For some reason these calculations work and Pytorch accepted these dimensions:
val = int((32*32)/4)
self.fc1 = nn.Linear(val, 200)
and this also worked
self.fc1 = nn.Linear(64*4*4, 200)
Why do those values work, and is there a limitation in the calculation of those methods? I feel like this would break if I were to change stride distance or kernel size, for example.
Here is the general model architecture I was working with:
# define the CNN architecture
class Net(nn.Module):
def __init__(self):
super(Net, self).__init__()
# convolutional layer
self.conv1 = nn.Conv2d(in_channels=3, out_channels=16, kernel_size=3, padding=1)
# max pooling layer
self.pool = nn.MaxPool2d(2, 2)
self.conv2 = nn.Conv2d(in_channels=16, out_channels=32,kernel_size=3)
self.pool2 = nn.MaxPool2d(2,2)
self.conv3 = nn.Conv2d(in_channels=32, out_channels=64, kernel_size=3)

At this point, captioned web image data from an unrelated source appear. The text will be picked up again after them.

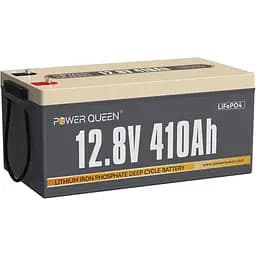 Аккумулятор Power Queen LiFePO4 12V (12.8V/410Ah/5248Wh) (P12V410-250-BASIC-16-A250) [158031]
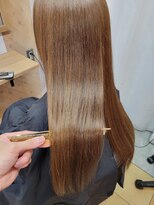 アレンエクラ(ALLEN eclat)&nbsp;ぷるぷる縮毛矯正でしなやかな髪に♪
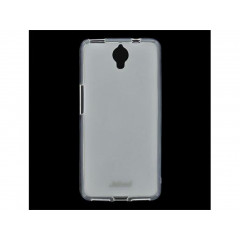 JEKOD TPU Ochranné Púzdro biely pre Alcatel One Touch Idol X+
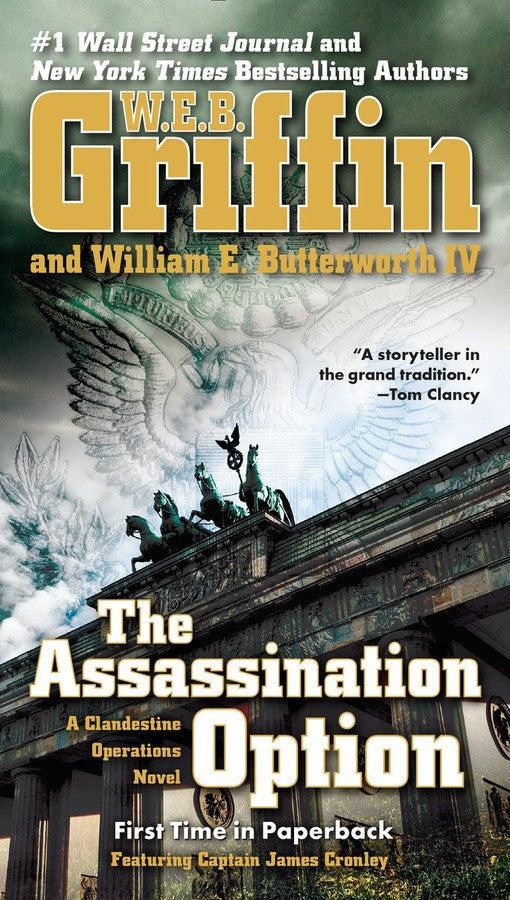 The Assassination Option-Fiction: Adventure / action / war-買書書 BuyBookBook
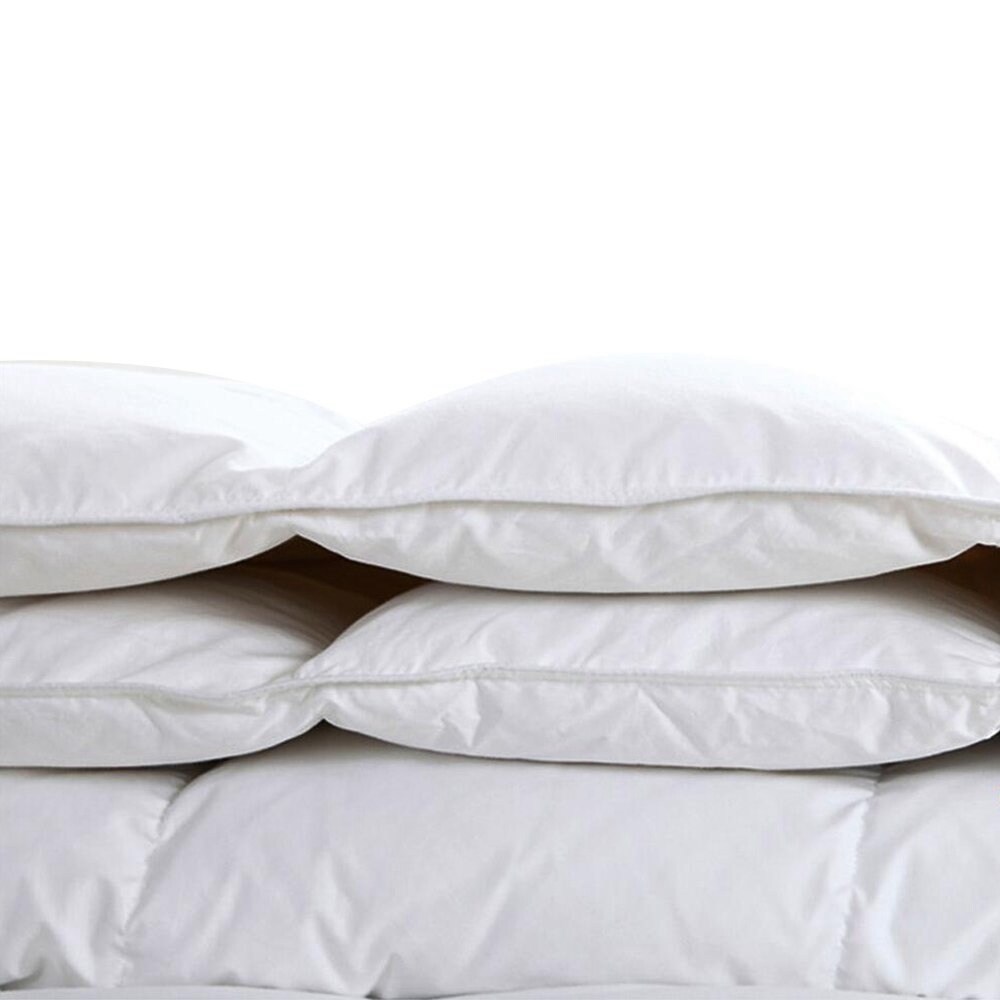 lightweight goose down comforter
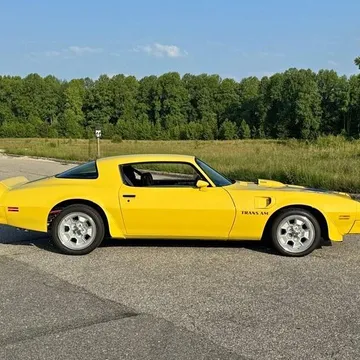 1976 Pontiac Firebird Trans Am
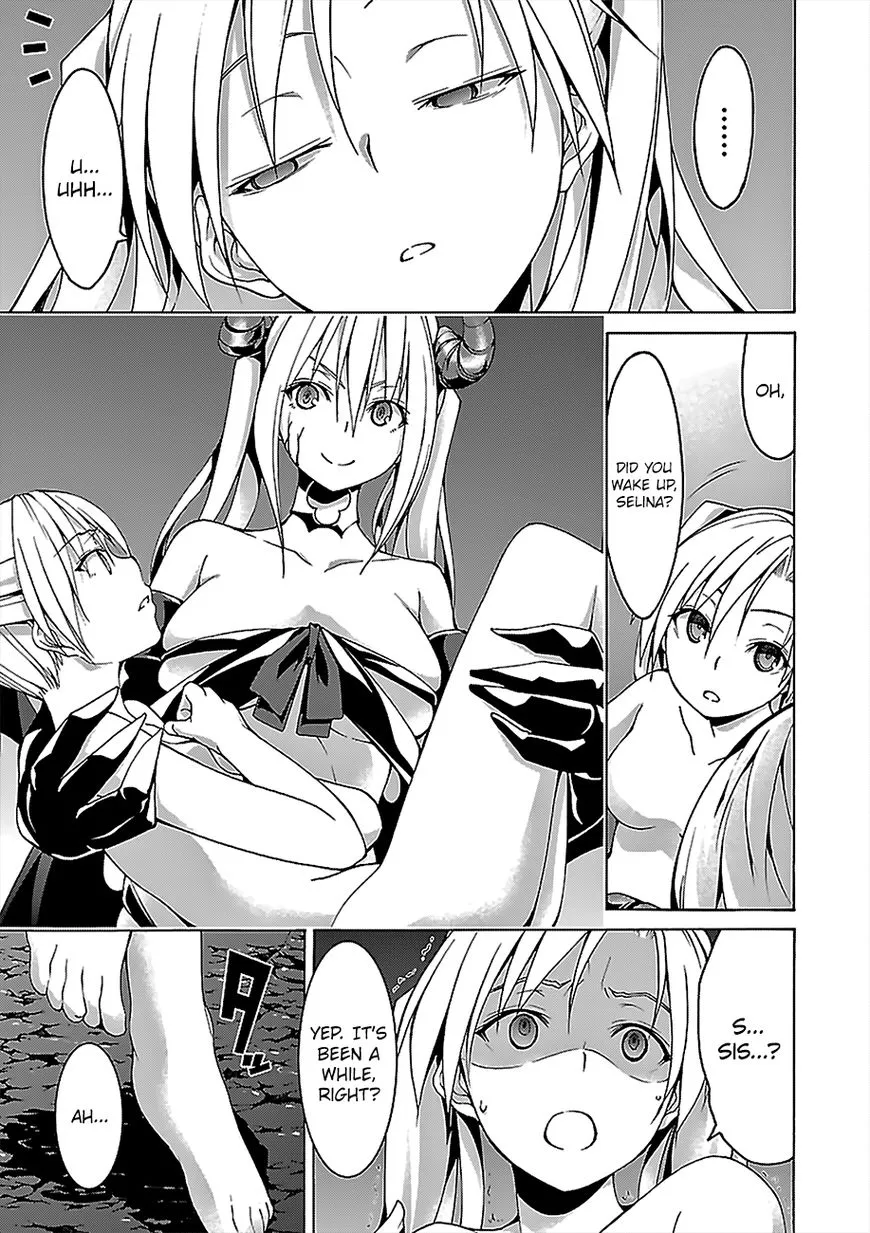 Trinity Seven: 7-Nin No Mahoutsukai Chapter 67.1 page 9 - 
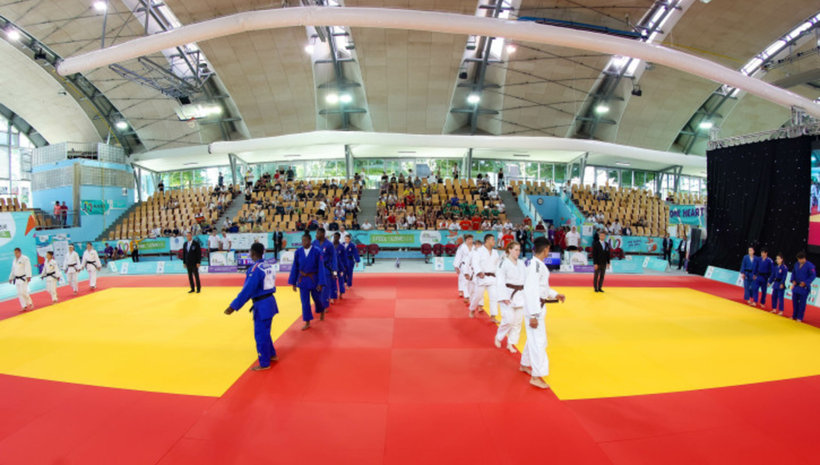 Джудистите ни загубиха равностойна битка с Грузия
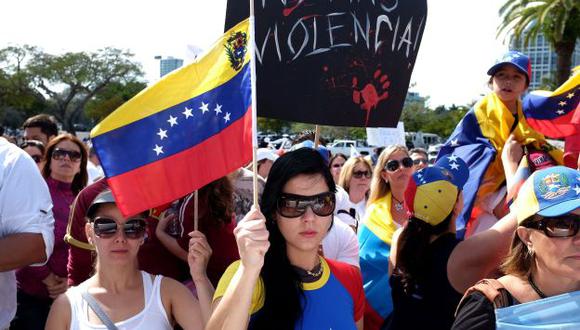 Venezuela: Gobierno dice que sus enemigos buscan atacarlo durante los Oscar. (AFP)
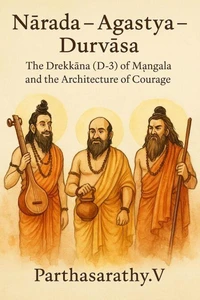 Nārada – Agastya – Durvāsa - The Drekkāṇa (D-3) of Maṅgala and the Architecture of Courage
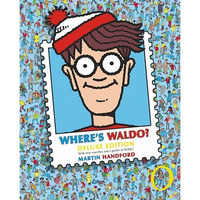Where's Waldo?: Deluxe Edition [Hardcover]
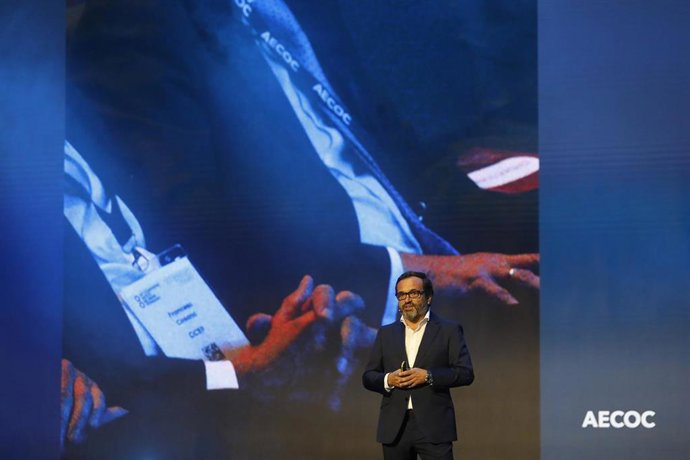 El presidente de Aecoc, Ignacio González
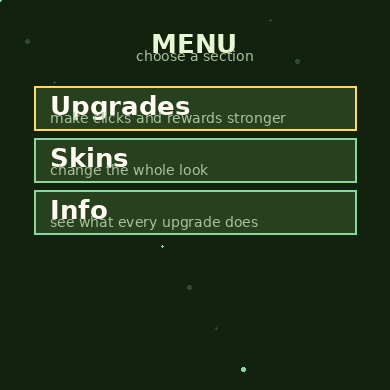 Flower clicker · Screenshot 1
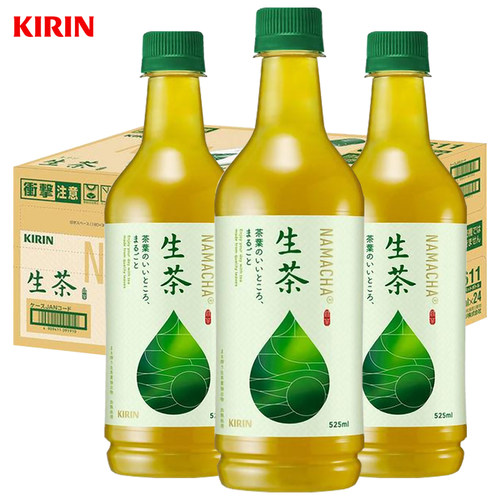 麒麟生茶绿茶饮料joynuts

self.pool3 = nn.MaxPool2d(2,2)
self.dropout = nn.Dropout(0.25)
# H*W/4
val = int((32*32)/4)
#self.fc1 = nn.Linear(64*4*4, 200)
################################################
self.fc1 = nn.Linear(val, 200) # dimensions of the layer I wish to calculate
###############################################
self.fc2 = nn.Linear(200,100)
self.fc3 = nn.Linear(100,10)
def forward(self, x):
# add sequence of convolutional and max pooling layers
x = self.pool(F.relu(self.conv1(x)))
x = self.pool2(F.relu(self.conv2(x)))
x = self.pool3(F.relu(self.conv3(x)))
#print(x.shape)
x = torch.flatten(x, 1) # flatten all dimensions except batch
x = F.relu(self.fc1(x))
x = self.dropout(x)
x = F.relu(self.fc2(x))
x = self.dropout(x)
x = self.fc3(x)
return x
# create a complete CNN
model = Net()
print(model)
Can anyone tell me how to calculate the dimensions of the first linear layer and explain the reasoning?